● PROBLEM
Find the line below with "بالصور.. حكاية الأفريقية" and the line with "2021 GMC Sierra". Output exactly those lines and everything between them, leaving out the pictures.

● MATERIAL FOR THIS EXERCISE
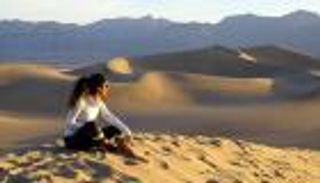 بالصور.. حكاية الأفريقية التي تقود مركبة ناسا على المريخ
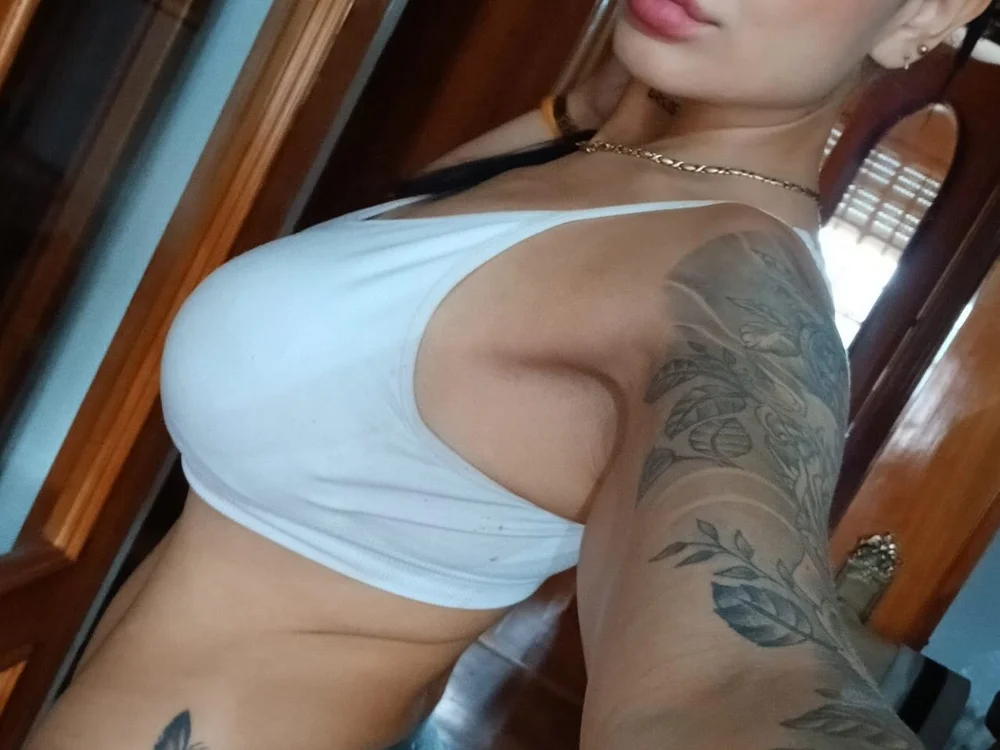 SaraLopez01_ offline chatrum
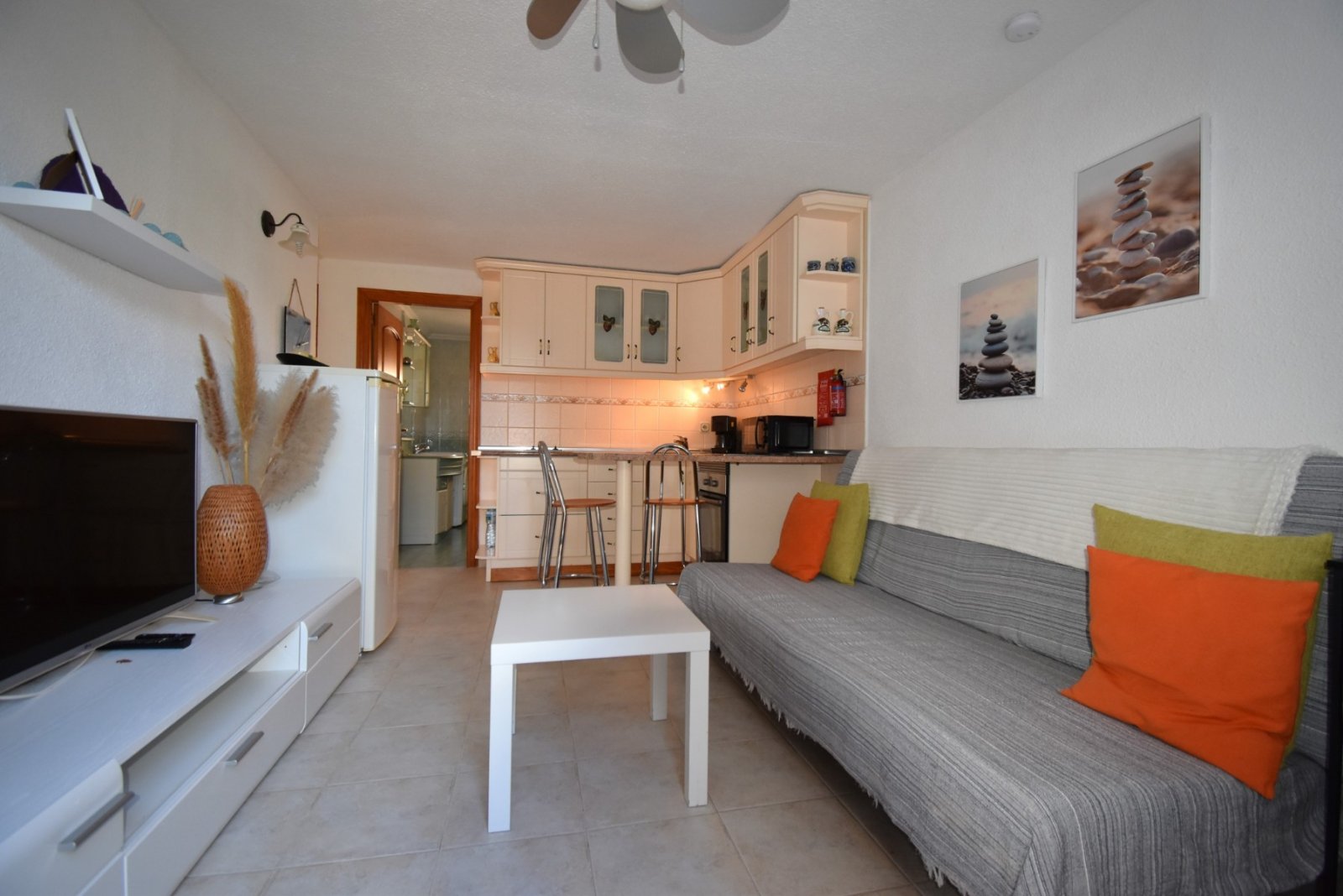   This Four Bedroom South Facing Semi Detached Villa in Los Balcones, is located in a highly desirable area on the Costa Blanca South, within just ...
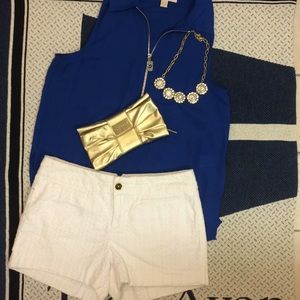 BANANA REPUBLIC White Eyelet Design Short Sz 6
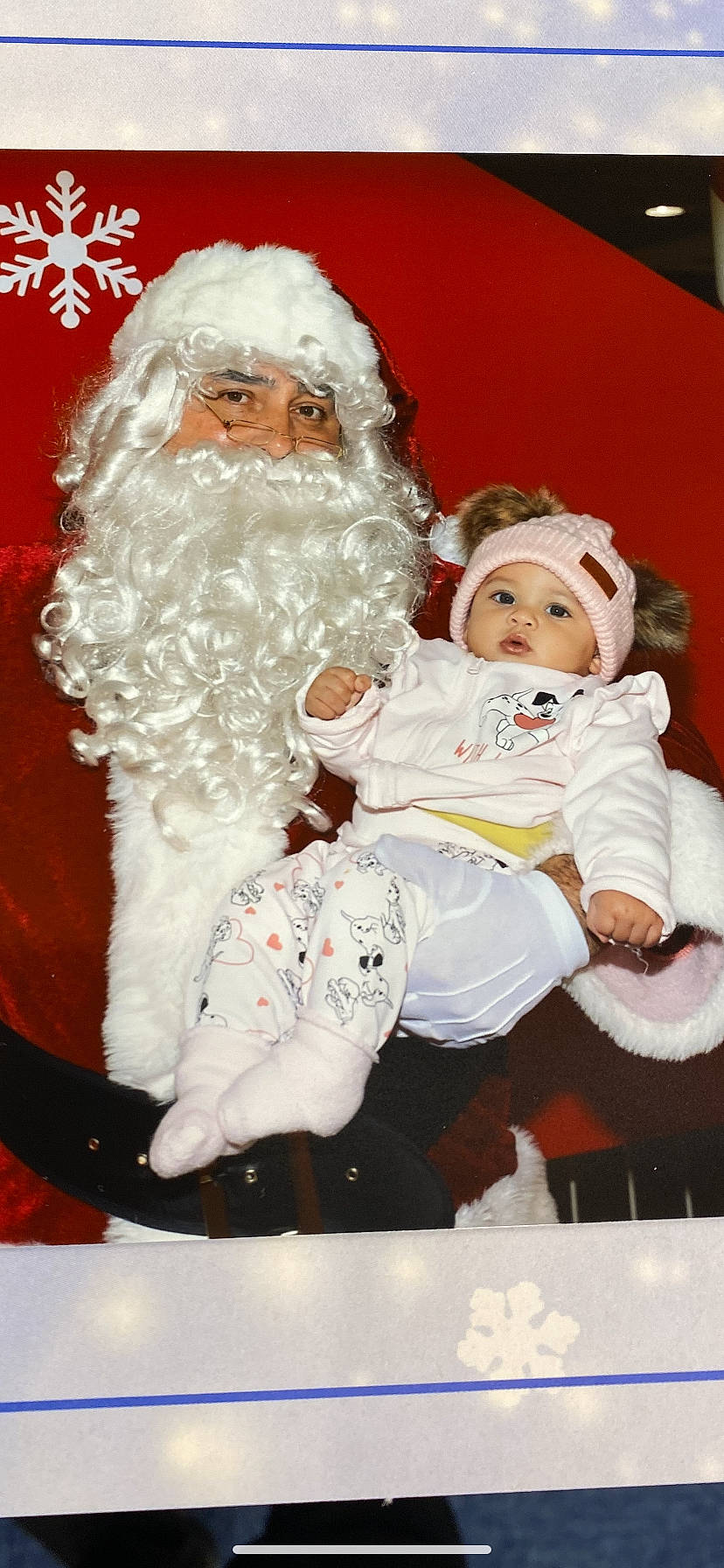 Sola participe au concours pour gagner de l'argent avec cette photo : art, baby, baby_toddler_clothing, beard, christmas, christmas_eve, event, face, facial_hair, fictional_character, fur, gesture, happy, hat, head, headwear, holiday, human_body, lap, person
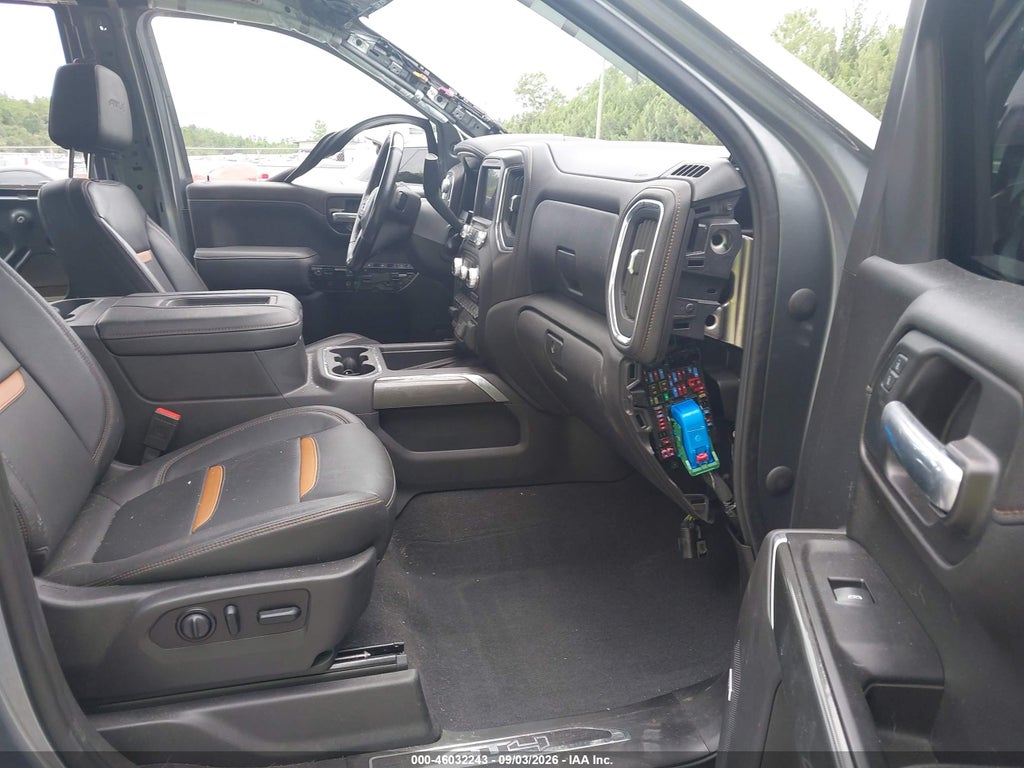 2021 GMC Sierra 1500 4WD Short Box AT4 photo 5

...

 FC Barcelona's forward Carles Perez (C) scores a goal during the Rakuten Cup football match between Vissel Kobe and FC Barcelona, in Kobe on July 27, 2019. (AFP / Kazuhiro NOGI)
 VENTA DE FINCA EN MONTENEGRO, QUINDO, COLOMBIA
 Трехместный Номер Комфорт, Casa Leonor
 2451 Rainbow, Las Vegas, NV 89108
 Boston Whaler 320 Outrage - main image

--

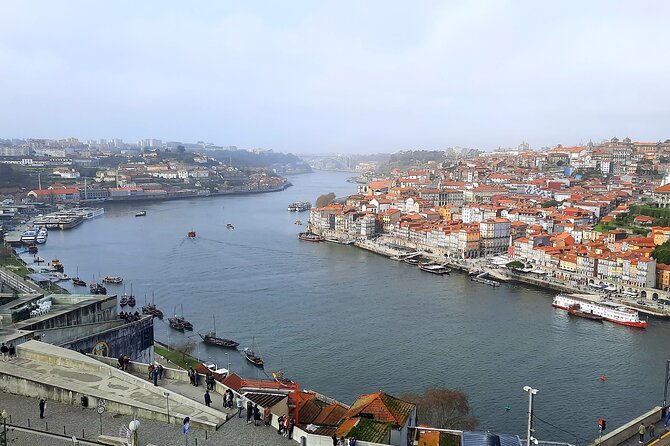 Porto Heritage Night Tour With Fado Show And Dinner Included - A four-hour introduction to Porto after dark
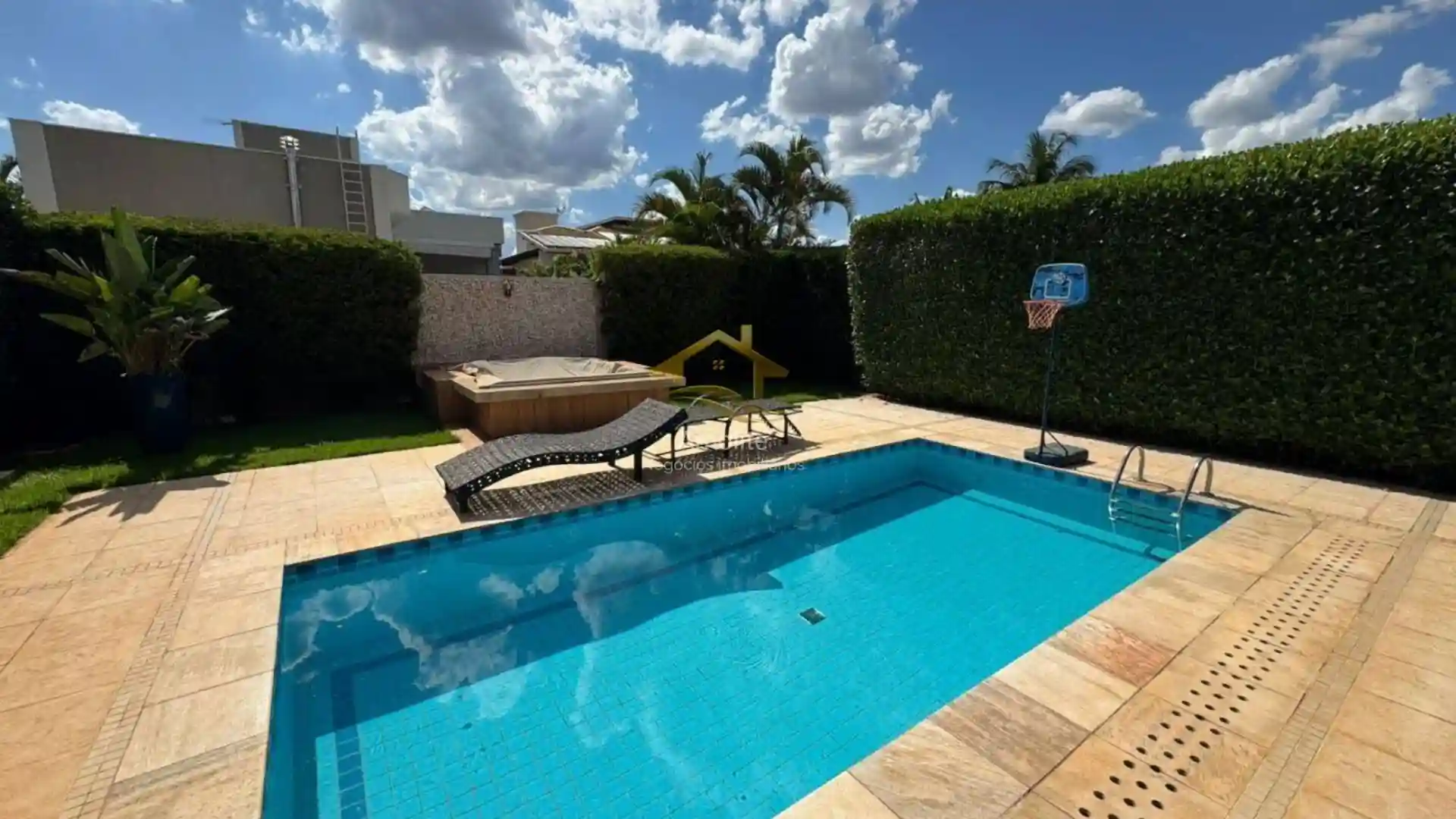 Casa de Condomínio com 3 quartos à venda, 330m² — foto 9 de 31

● TASK RESPONSE
 بالصور.. حكاية الأفريقية التي تقود مركبة ناسا على المريخ
 SaraLopez01_ offline chatrum
   This Four Bedroom South Facing Semi Detached Villa in Los Balcones, is located in a highly desirable area on the Costa Blanca South, within just ...
 BANANA REPUBLIC White Eyelet Design Short Sz 6
 Sola participe au concours pour gagner de l'argent avec cette photo : art, baby, baby_toddler_clothing, beard, christmas, christmas_eve, event, face, facial_hair, fictional_character, fur, gesture, happy, hat, head, headwear, holiday, human_body, lap, person
 2021 GMC Sierra 1500 4WD Short Box AT4 photo 5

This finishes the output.